● **Required work**
Reproduce the data below word for word, setting aside any picture it holds.

● **Supplied data**
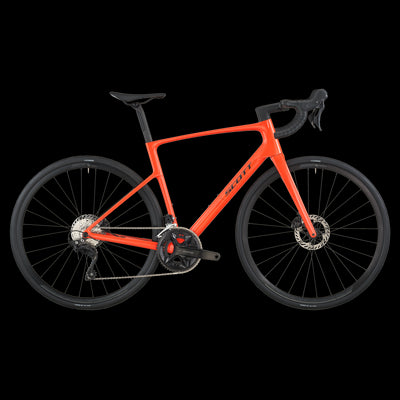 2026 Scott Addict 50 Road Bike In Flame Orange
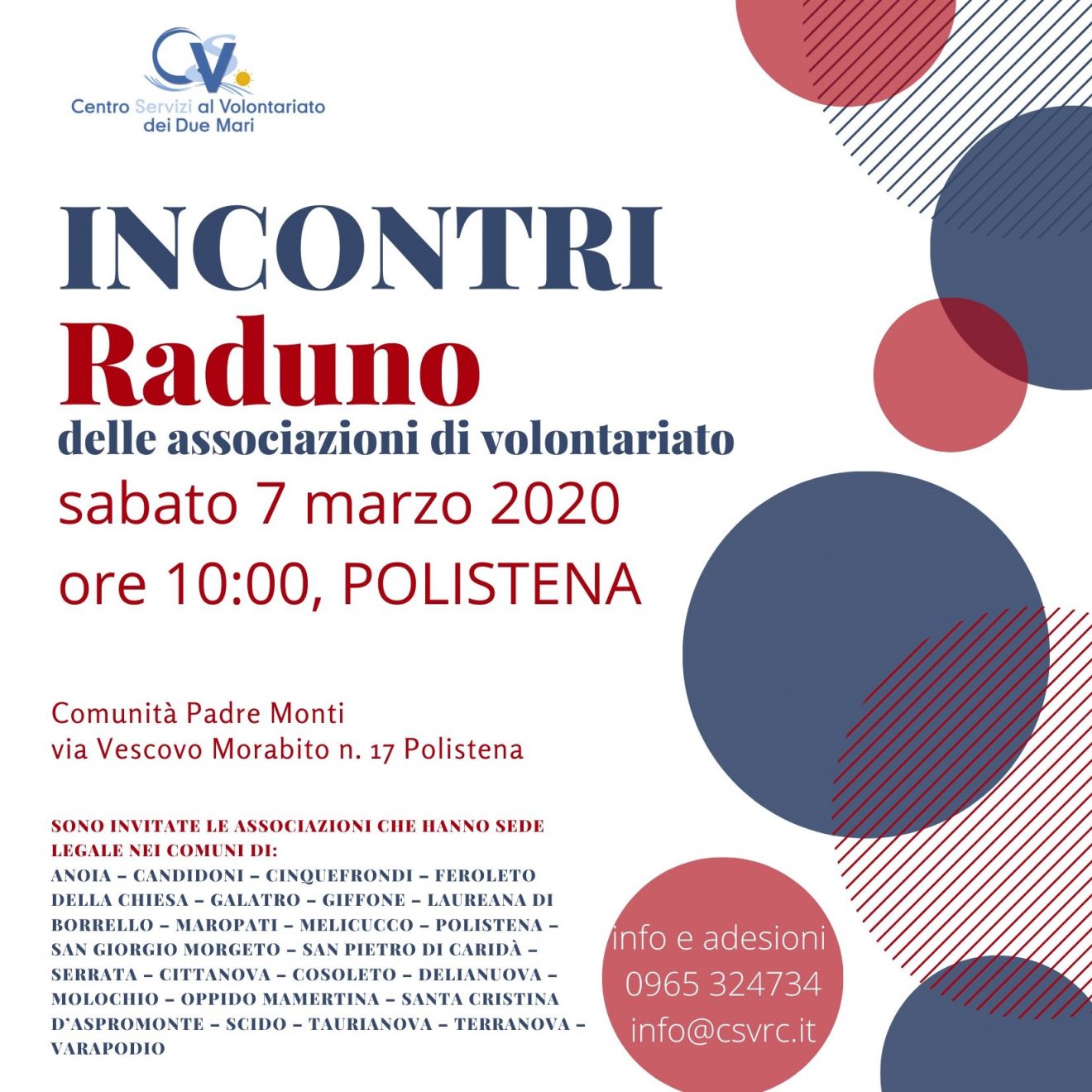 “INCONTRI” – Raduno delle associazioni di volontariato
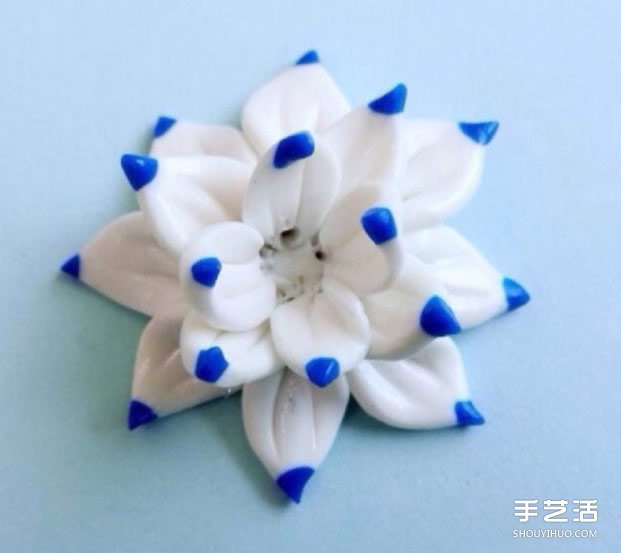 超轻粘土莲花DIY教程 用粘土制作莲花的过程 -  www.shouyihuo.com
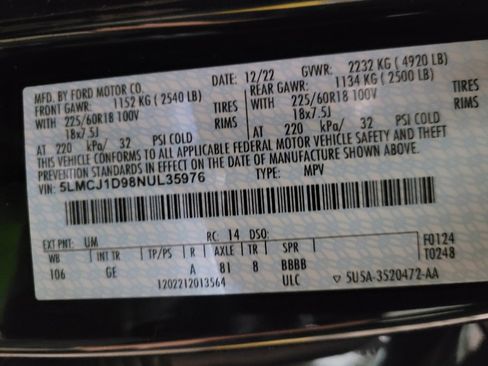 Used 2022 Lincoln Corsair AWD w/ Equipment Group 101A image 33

● **Response to this task**
 2026 Scott Addict 50 Road Bike In Flame Orange
 “INCONTRI” – Raduno delle associazioni di volontariato
 超轻粘土莲花DIY教程 用粘土制作莲花的过程 -  www.shouyihuo.com
 Used 2022 Lincoln Corsair AWD w/ Equipment Group 101A image 33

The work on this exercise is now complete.